2. Setting the Stage

   The Saving Rate

   According to the National Income and Product Accounts (NIPA), which measure saving as a flow of resources, the annual rate of personal saving (excluding expenditures for consumer durables) as a percentage of GDP followed an inverted U-shape pattern, rising from 5.2% in the 1950s to 6.7% in the 1980s before falling to 4.6% in the 1990s. (1) Business saving as a percentage of GDP rose about 2 percentage points between the 1950s and the 1970s and subsequently leveled off for the rest of the century so that it did not offset the fall in personal saving in the 1990s. The flow of funds data from the Federal Reserve reveal similar trends from the 1950s through the 1980s and a more dramatic fall in the last decade of the century.

   Such a picture of the saving rate becomes muddied if we measure saving in terms of changes in personal net worth (stock data). By this yardstick, the ratio of saving to the GDP did not change between the 1980s and the 1990s. Such results seem primarily due to a rise in asset prices and the resulting capital gains rather than any activity giving rise to growth in real investment. I return to this phenomenon in section 4.

   For economic growth, the crucial fact is that, as a share of GDP, domestically financed investment remained roughly constant from the 1950s through the 1980s and then fell 2 percentage points in the 1990s, a circumstance giving rise to concern about the fall of domestic saving. As a result, many economists have focused considerable attention on the causes underlying this short-term fall in the saving rate during the 1990s (when saving is defined in terms of flow data) and whether this phenomenon will become more serious in the future.

   VVarious arguments are offered to explain the changes observed in the flow of saving during the 1990s. Some, such as Bosworth, Burtless, and Sabelhaus (1991) and Parker (1999), argue that it can be traced to a fall in the saving rate at all age-groups. (2) Others, such as Gokhale, Kotlikoff, and Sabelhaus (1996), provide contrary evidence that the fall came from a redistribution of income from the young to the old and a decline in the saving rate of the elderly due to a fall in the need for saving both for bequest purposes and for precautionary purposes. (3) Still others stress the fact that since most saving in the United States in recent years has been through unrealized capital gains, much of the lower saving measured in more traditional ways is due to a wealth effect, a hypothesis that is hotly disputed. (4)

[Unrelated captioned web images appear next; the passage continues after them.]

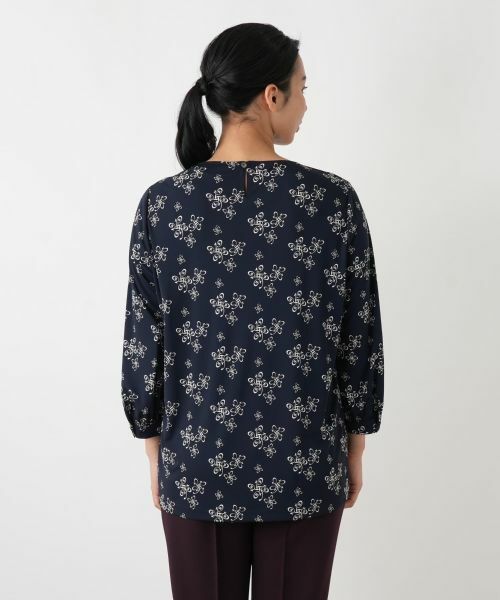 Leilian PLUS HOUSE / レリアンプラスハウス シャツ・ブラウス | ブラウス【ROCHAS Premiere】 | 詳細6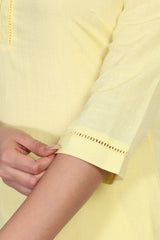 Aurelia ladies western kurti in vibrant fabric, showcasing stylish design, long sleeves, and traditional embroidery details.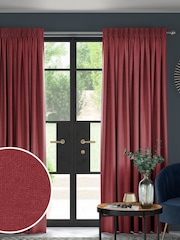 Raspberry Voyage Maison Romeo Made To Measure Curtains - Image 1 of 8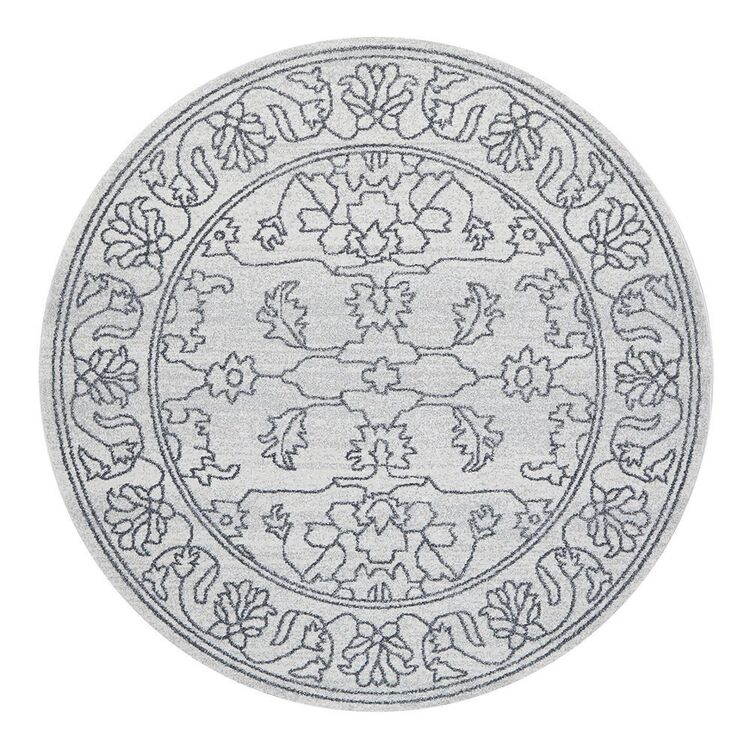 Off White Rug Roumd Rug Culture Paradise Bjorn Round Rug Off White 240 x 240 cm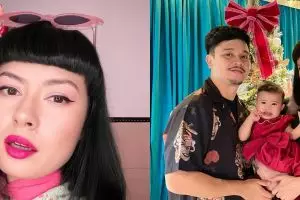 Kerap dandan ala Marilyn Monroe, ini 9 potret Adinda istri Derby Romero manglingi pakai makeup tipis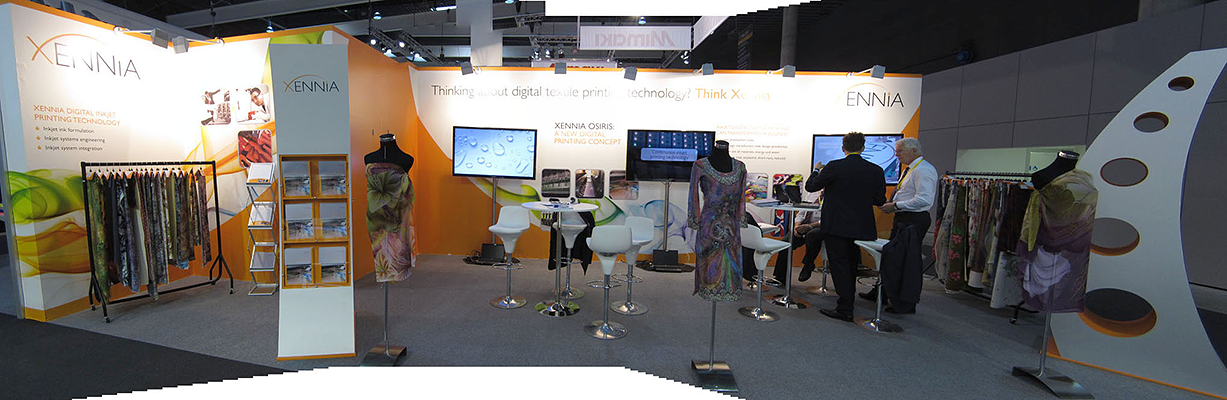 ITMA 2011 Stand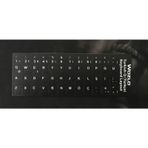 Klavye Etiketi Türkçe Q Klavye Etiketi Q Keyboard Sticker Siyah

   While these various microeconomic effects may be important in the short run, I show in the simulation analysis here that some much more important long-term changes due to shifts in the age structure of the population will take place, and these will prove to have a more lasting impact.

   Demographic Changes

   A major part of the model deals with the changing age structure of the population and the ratio between retired to active workers. For analysis of the age structure, one key concept is the elderly dependency ratio, which is the ratio of the elderly (those over 64) to those in the working ages. Table I presents not just the estimates by the Census Bureau and the Social Security Administration but also some much more sophisticated estimates by Lee and Tuljapurkar (1994; hereafter L-T), who use probabilistic methods to take into account uncertainties about birth and death rates.

   From these three sets of estimates, we can draw two simple conclusions. First, the nation is likely to face a dramatic rise in the elderly dependency ratio in the next half century. Second, the range of these estimated ratios is very large. For instance, the L-T calculations give a 95% probability that in 2050 the dependency ratio will fall somewhere between 30.6% and 51.5%. If uncertainties about the future of immigration policies are taken more adequately into account, the range of these estimates would undoubtedly be larger.

   The next step is to consider the ratio of retired to active workers.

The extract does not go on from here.